• _The data_
------------
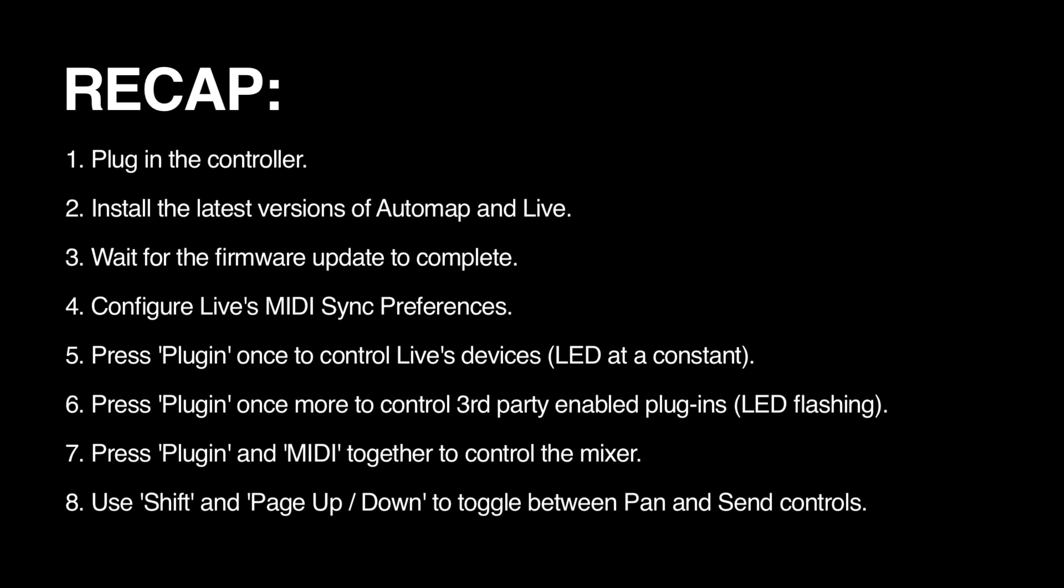Five, press plug-in once to control Live's devices with the LED at a constant state. Six, press plug-in once more to control third party enabled plug-ins with the LED flashing. Seven, press plug-in and MIDI together to control the mixer. Eight, use Shift and Page Up or Down to toggle between pan and send controls.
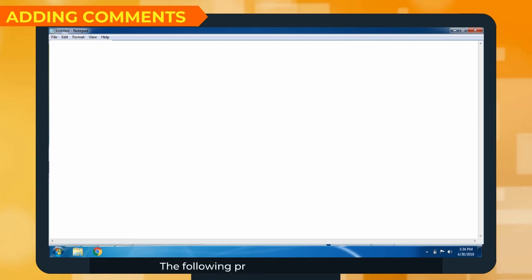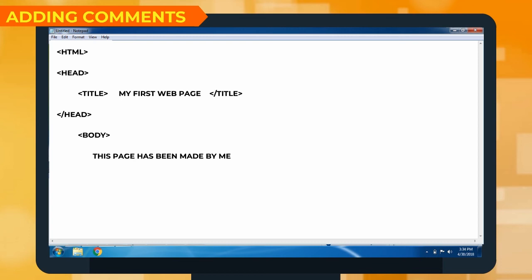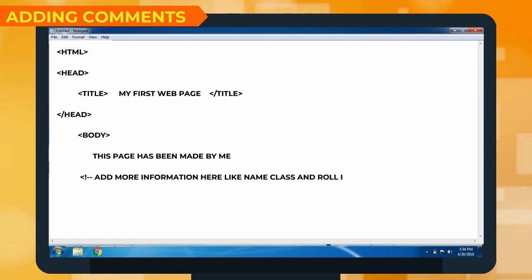The following program illustrates its use: HTML, Head, Title, My first web page, Slash Title, Slash Head, Body, This page has been made by me. Exclamation double hyphen — Add more information here like name, class and roll number — double hyphen. Slash Body, Slash HTML.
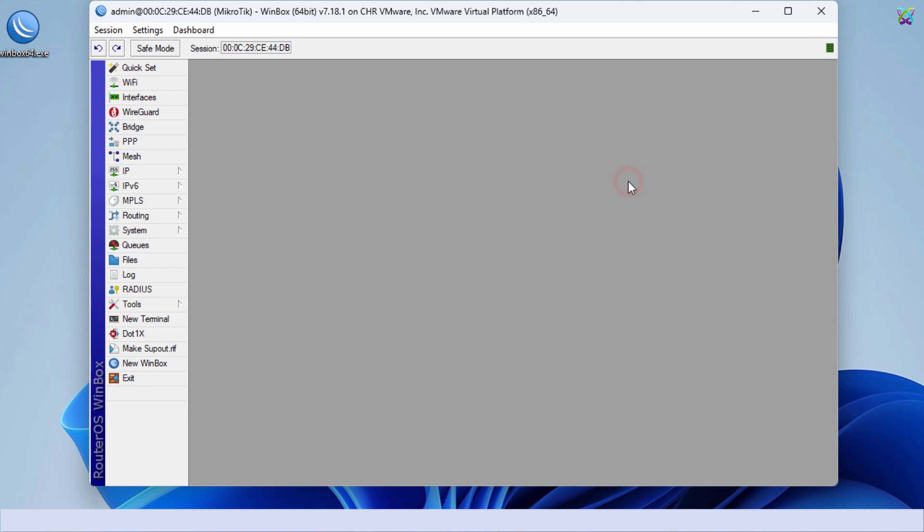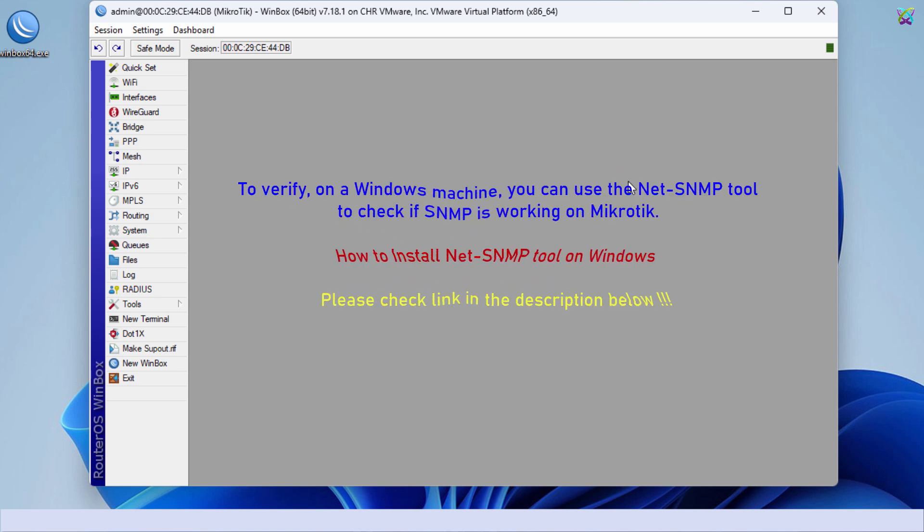To verify on a Windows machine, you can use the NetSNMP tool to check if SNMP is working on Microtik.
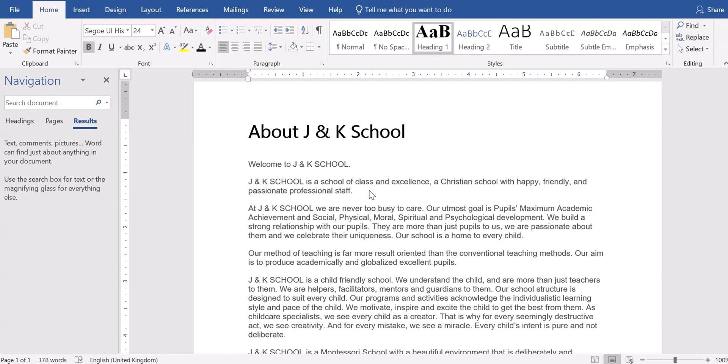In this document, for example, we want to look for J and K school and replace it with Flourish Computer Academy. If you look through the document, you discover that we have J and K school appearing in several parts of the document. So it doesn't matter the number of pages of that document.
------------
Would you please transcribe the listing in full, exactly, while omitting the images?

• _Result_
Five, press plug-in once to control Live's devices with the LED at a constant state. Six, press plug-in once more to control third party enabled plug-ins with the LED flashing. Seven, press plug-in and MIDI together to control the mixer. Eight, use Shift and Page Up or Down to toggle between pan and send controls.
The following program illustrates its use: HTML, Head, Title, My first web page, Slash Title, Slash Head, Body, This page has been made by me. Exclamation double hyphen — Add more information here like name, class and roll number — double hyphen. Slash Body, Slash HTML.
To verify on a Windows machine, you can use the NetSNMP tool to check if SNMP is working on Microtik.
In this document, for example, we want to look for J and K school and replace it with Flourish Computer Academy. If you look through the document, you discover that we have J and K school appearing in several parts of the document. So it doesn't matter the number of pages of that document.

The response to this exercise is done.